Louisville, KY. (May 8, 2012) – The 138th “Run for the Roses” was one that was on track to set new attendance records. The previous attendance record, which was set in 2011 was 164,858 spectators. This year that number was surpassed by nearly 500, with 165,307 in attendance. The record attendance also generated a record number of wagers. A total of $187 million dollars was bet on the full 13-race card.

“With these projected numbers, we knew this event was going to be monumental,” said Lt. Col. Jeffery Hughes, the commander of troops.  “Here in the operations center, we are working in concert with state and local officials and first responders to monitor the crowds and be here to respond to whatever need may arise. We have 282 Soldiers on ground for this event that will be serving in several different support roles, from security and traffic control to escorting VIP’s. Taking into consideration the size of the crowds and other factors, this event is running exceptionally smooth.”

Col.

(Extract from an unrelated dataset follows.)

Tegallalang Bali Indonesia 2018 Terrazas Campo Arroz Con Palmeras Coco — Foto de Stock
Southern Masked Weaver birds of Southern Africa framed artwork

Charles Harris, the state security officer for the Kentucky National Guard, said, “We have a Proper Use Memorandum in place to use assets like the Civil Air Patrol to support local authorities with information in case of a catastrophic event.”

It’s not just man-made disasters the team plans for, said Harris.  “We monitor issues like the weather, so we will be as prepared as possible if the unthinkable occurs, like a tornado or severe thunderstorm.  Additionally, part of our job is to warn our Soldiers and Airmen if there is a threat of severe storms, or heat, or anything else that may hamper their mission.”

The operations center for the Kentucky National Guard works in concert with local law enforcement and emergency personnel to ensure the safety and the smooth operation for the entire Churchill Downs premises.